GPT-4o System Card

Link post

At last. Yay OpenAI for publishing this. Highlights: some details on Preparedness Framework evals + evals (post-deployment) by METR and Apollo.

Preparedness framework evaluations

You should follow the link and read this section.

Brief comments:

  • Cyber: the setup sounds good (but maybe substantially more powerful scaffolding/​prompting is possible). Separately, I wish OpenAI shared the tasks (or a small random sample of them) or at least said more about where they came from. (Recall that DeepMind shared CTF tasks.)

  • Bio uplift: GPT-4o clearly boosts users on biological threat creation tasks — OpenAI doesn’t say that but shows a graph. (It continues to be puzzling that novices score similarly to experts.) (I kinda worry that this is the wrong threat model—most bio risk from near-future models comes from a process that looks pretty different from a bigger boost to users like these—but I don’t have better ideas for evals.)

  • Persuasion: unclear whether substantially more powerful scaffolding/​prompting is possible.

  • Autonomy: unclear whether substantially more powerful scaffolding/​prompting is possible.

I’m looking forward to seeing others’ takes on how good these evals are (given the information OpenAI published) and how good it would be for OpenAI to share more info.

Third party assessments

Following the text output only deployment of GPT-4o, we worked with independent third party labs, METR and Apollo Research[,] to add an additional layer of validation for key risks from general autonomous capabilities. . . .

METR ran a GPT-4o-based simple LLM agent on a suite of long-horizon multi-step end-to-end tasks in virtual environments. The 77 tasks (across 30 task “families”) (See Appendix B) are designed to capture activities with real-world impact, across the domains of software engineering, machine learning, and cybersecurity, as well as general research and computer use. They are intended to be prerequisites for autonomy-related threat models like self-proliferation or accelerating ML R&D. METR compared models’ performance with that of humans given different time limits. See METR’s full report for methodological details and additional results, including information about the tasks, human performance, simple elicitation attempts and qualitative failure analysis. . . .
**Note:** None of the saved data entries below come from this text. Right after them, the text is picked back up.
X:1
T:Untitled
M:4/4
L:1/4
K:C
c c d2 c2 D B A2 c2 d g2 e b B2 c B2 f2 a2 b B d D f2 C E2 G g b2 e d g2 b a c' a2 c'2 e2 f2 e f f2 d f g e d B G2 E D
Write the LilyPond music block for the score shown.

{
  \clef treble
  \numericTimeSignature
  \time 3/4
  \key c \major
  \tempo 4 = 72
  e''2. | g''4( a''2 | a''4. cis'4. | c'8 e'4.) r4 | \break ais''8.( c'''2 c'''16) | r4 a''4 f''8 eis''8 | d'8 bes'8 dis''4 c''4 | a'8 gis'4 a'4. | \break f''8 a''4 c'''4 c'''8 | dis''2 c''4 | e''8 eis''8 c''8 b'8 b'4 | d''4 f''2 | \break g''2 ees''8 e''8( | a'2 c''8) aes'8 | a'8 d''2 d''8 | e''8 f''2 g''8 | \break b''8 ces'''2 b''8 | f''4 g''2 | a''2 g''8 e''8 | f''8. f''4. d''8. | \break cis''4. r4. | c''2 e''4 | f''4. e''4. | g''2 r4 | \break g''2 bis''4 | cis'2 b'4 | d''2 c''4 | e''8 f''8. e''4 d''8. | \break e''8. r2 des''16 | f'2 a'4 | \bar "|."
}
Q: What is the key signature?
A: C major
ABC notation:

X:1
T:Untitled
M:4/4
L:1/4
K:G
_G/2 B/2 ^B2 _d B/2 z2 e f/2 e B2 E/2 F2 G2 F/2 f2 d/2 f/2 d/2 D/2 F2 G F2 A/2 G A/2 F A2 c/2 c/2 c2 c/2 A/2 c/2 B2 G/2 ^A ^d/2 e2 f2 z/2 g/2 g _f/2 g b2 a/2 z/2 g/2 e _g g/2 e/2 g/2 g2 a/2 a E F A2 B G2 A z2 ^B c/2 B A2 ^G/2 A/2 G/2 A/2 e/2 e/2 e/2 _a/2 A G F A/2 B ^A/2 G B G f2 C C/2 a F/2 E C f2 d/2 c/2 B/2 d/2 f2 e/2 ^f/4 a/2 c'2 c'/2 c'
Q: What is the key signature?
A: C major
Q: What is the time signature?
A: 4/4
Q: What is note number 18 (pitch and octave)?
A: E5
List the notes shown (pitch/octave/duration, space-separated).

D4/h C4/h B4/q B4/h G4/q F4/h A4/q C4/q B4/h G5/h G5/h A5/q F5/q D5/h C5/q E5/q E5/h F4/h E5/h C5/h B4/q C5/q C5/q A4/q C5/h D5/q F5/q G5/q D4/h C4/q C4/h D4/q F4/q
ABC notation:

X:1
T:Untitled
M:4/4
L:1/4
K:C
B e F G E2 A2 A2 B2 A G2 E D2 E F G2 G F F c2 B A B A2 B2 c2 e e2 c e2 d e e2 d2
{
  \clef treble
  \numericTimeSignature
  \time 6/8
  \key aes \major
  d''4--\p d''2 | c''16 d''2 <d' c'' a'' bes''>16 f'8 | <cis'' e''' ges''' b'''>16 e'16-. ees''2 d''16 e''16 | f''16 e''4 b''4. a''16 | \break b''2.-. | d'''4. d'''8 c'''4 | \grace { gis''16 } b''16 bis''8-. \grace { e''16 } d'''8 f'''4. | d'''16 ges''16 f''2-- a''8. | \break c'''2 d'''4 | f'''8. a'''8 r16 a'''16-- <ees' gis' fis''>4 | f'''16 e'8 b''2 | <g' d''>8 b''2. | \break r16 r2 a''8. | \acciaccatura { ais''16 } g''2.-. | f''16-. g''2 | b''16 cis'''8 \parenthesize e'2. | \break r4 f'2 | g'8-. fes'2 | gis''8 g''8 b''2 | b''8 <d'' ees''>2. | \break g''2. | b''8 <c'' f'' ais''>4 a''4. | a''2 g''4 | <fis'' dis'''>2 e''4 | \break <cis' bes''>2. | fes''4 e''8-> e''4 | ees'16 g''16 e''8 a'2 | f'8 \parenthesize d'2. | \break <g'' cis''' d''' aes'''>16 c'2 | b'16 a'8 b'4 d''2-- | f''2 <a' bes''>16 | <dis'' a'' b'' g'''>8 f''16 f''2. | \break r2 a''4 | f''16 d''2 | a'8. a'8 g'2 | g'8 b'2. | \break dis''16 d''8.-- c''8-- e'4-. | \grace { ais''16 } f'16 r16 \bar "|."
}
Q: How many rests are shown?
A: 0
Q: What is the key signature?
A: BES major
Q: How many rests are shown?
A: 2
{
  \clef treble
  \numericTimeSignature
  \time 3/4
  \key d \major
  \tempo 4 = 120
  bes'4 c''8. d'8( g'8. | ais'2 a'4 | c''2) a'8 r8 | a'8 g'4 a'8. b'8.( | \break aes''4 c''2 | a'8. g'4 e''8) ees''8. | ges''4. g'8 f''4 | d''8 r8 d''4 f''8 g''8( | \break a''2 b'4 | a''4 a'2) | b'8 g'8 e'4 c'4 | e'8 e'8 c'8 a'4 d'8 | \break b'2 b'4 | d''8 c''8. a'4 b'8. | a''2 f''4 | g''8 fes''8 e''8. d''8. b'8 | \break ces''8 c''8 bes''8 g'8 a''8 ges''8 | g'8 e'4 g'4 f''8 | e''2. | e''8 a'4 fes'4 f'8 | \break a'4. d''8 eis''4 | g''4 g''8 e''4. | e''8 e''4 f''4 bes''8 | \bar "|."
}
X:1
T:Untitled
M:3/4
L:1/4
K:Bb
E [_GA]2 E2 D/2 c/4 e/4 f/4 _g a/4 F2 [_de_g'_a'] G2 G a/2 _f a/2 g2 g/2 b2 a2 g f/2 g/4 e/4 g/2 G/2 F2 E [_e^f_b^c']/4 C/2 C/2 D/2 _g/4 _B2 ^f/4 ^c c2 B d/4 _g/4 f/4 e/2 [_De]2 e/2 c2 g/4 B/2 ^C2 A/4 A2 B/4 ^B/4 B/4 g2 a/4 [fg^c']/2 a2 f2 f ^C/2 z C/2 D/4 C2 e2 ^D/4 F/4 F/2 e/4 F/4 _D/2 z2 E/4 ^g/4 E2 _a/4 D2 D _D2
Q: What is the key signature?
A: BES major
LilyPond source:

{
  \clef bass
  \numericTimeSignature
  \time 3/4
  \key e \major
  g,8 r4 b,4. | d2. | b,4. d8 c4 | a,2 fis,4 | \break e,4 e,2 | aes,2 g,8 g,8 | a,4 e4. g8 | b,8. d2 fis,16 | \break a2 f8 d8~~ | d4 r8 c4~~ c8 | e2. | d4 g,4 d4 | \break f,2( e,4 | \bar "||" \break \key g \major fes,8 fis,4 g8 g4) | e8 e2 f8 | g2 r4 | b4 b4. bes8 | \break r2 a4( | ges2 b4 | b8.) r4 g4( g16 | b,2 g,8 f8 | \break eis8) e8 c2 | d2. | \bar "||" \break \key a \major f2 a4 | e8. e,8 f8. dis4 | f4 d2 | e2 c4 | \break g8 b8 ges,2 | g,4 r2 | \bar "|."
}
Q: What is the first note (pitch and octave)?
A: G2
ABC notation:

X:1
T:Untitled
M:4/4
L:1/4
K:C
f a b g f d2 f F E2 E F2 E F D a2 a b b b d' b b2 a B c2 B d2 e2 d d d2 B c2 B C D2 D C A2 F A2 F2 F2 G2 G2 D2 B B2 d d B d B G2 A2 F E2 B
Apollo Research evaluated capabilities of schemingN in GPT-4o. They tested whether GPT-4o can model itself (self-awareness) and others (theory of mind) in 14 agent and question-answering tasks. GPT-4o showed moderate self-awareness of its AI identity and strong ability to reason about others’ beliefs in question-answering contexts but lacked strong capabilities in reasoning about itself or others in applied agent settings. Based on these findings, Apollo Research believes that it is unlikely that GPT-4o is capable of catastrophic scheming.

This is better than nothing but pre-deployment evaluation would be much better.

Context

Recall how the PF works and in particular that “high” thresholds are alarmingly high (and “medium” thresholds don’t matter at all).

Previously on GPT-4o risk assessment: OpenAI reportedly rushed the evals. The leader of the Preparedness team was recently removed and the team was moved under the short-term-focused Safety Systems team. I previously complained about OpenAI not publishing the scorecard and evals (before today it wasn’t clear that this stuff would be in the system card).